What’s the Point of Dead Week?

picture-1-dead-weekFor the full week before finals, students hurry to cram in the last few minutes of studying for exams before leaving for the semester. This week, better known as Dead Week, is probably one of the most intense week for students and teachers alike. Designed to give students a chance to breathe and focus on their finals while slowly unwinding from the stresses of the semester by spending time with friends and eating some food prepared by the Student Association, Dead Week is something that students, for the most part, look forward to.  

“I look forward to the study guides that some teachers give me for my classes,” says Heidi Dart, senior communication major. “It helps me judge how hard the finals will be and prioritize accordingly.” 

Emily Hernandez, sophomore biology major, says, “I like the fact that S.A. does things for the students and helps them relax before their finals.”

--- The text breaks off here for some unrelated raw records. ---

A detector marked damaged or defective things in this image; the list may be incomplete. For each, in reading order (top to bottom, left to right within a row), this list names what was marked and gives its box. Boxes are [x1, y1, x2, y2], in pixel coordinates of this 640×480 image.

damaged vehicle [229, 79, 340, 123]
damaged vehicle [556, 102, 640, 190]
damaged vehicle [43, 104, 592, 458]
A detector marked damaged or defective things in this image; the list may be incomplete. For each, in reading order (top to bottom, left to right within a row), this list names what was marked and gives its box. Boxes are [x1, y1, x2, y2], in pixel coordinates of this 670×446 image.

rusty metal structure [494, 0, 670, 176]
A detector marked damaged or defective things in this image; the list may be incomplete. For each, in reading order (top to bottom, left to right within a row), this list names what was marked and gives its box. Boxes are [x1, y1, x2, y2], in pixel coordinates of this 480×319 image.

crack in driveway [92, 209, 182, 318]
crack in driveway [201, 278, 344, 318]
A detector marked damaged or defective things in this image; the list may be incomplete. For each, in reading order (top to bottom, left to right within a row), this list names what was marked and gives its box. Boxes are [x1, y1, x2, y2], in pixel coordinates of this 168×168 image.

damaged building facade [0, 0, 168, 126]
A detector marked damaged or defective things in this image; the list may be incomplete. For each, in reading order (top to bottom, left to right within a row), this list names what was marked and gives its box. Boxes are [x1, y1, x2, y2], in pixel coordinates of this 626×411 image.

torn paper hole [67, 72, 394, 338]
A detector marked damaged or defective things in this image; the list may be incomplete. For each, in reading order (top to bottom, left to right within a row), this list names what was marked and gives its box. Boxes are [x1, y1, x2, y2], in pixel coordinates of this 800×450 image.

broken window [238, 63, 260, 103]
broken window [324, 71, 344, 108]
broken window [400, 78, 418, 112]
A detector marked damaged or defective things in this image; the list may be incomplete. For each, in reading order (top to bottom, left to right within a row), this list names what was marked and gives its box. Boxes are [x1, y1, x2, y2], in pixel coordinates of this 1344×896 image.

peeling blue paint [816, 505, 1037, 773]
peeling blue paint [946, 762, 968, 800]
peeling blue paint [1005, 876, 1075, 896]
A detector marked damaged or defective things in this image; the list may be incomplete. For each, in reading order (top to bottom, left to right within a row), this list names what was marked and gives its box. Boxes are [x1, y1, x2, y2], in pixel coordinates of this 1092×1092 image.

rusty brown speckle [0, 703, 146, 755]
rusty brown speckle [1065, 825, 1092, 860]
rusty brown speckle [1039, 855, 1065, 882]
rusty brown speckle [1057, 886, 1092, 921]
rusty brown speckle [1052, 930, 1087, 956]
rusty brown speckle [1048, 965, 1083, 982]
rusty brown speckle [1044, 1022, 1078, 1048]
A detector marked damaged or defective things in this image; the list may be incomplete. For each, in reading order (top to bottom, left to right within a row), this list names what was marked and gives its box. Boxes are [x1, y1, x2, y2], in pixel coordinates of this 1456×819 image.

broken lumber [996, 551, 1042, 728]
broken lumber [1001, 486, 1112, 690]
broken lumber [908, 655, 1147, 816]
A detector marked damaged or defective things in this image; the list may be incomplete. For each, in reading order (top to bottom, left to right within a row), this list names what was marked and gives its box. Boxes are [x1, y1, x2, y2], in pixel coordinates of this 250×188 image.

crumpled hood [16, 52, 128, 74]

Dead Week was activated at Southwestern Adventist University in 2013 when students expressed their desire to Student Senate to implement a week where no major assignments were due so they could focus on studying for finals. It had been used years before, but had fallen into disuse. To bring it back, Student Senate drew up a proposal to present to the staff with guidelines. This is what Dead Week was intended to look like:

  • Papers, essays, or projects comprising a significant portion of the final grade should not be due during Dead Week. All major assignments should be due before this time.
  • All tests other than final exams should be given before Dead Week begins. No mandatory final exams should be given during Dead Week, with the exception of evening classes.
  • Take-home final exams should not be due before the final exam time scheduled for that class.
  • Quizzes over material comprising more than the amount normally introduced during one week of class should not be given.
  • Regularly held meetings (academic, social, or club-related) should not be held during this week, nor should special events (including field trips outside of class time, and recitals). This excludes assembly.

Dead Week is not completely dead in the sense that it excuses students from attending classes and gives them time to work on late work, but it allows them to prepare for their finals without stressing about another major assignment that is due right before exams.  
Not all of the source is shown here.